Voir aussi : Libération : Dov Alfon, ancien des services de renseignements israéliens, nouveau rédacteur en chef
Une orientation qui dépasse Apple
Apple n’est pas une exception. Des enquêtes similaires montrent que Google, Facebook, Microsoft, Amazon ou encore TikTok ont aussi recruté d’anciens membres de l’Unité 8200. Certains ont même rejoint les conseils de modération de grandes plateformes sociales, chargés de décider de ce qui peut ou non circuler à l’échelle mondiale.

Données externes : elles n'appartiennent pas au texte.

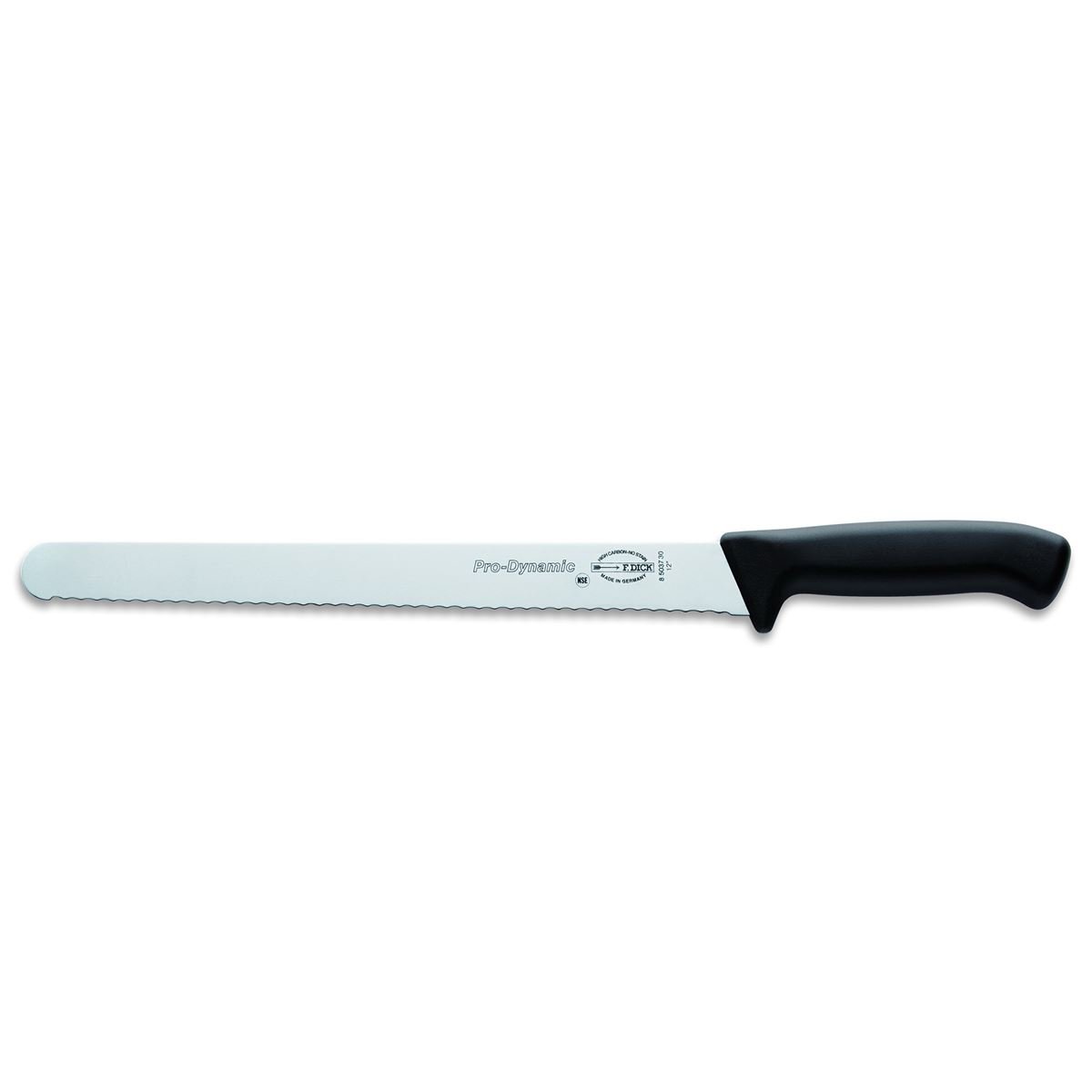 f-dick-prodynamic-aufschnittmesser-30-cm-wellenschliff-schwarz image 1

Dans les médias, des figures comme Barak Ravid, correspondant d’Axios à Washington, ou Tal Heinrich, désormais porte-parole de Benjamin Netanyahou après un passage par CNN, sont également issus de cette filière.
Une question ouverte
Faut-il voir dans cette dynamique un simple transfert de compétences technologiques ou bien une proximité culturelle et politique durable entre la Silicon Valley et l’appareil sécuritaire israélien ? La question reste posée.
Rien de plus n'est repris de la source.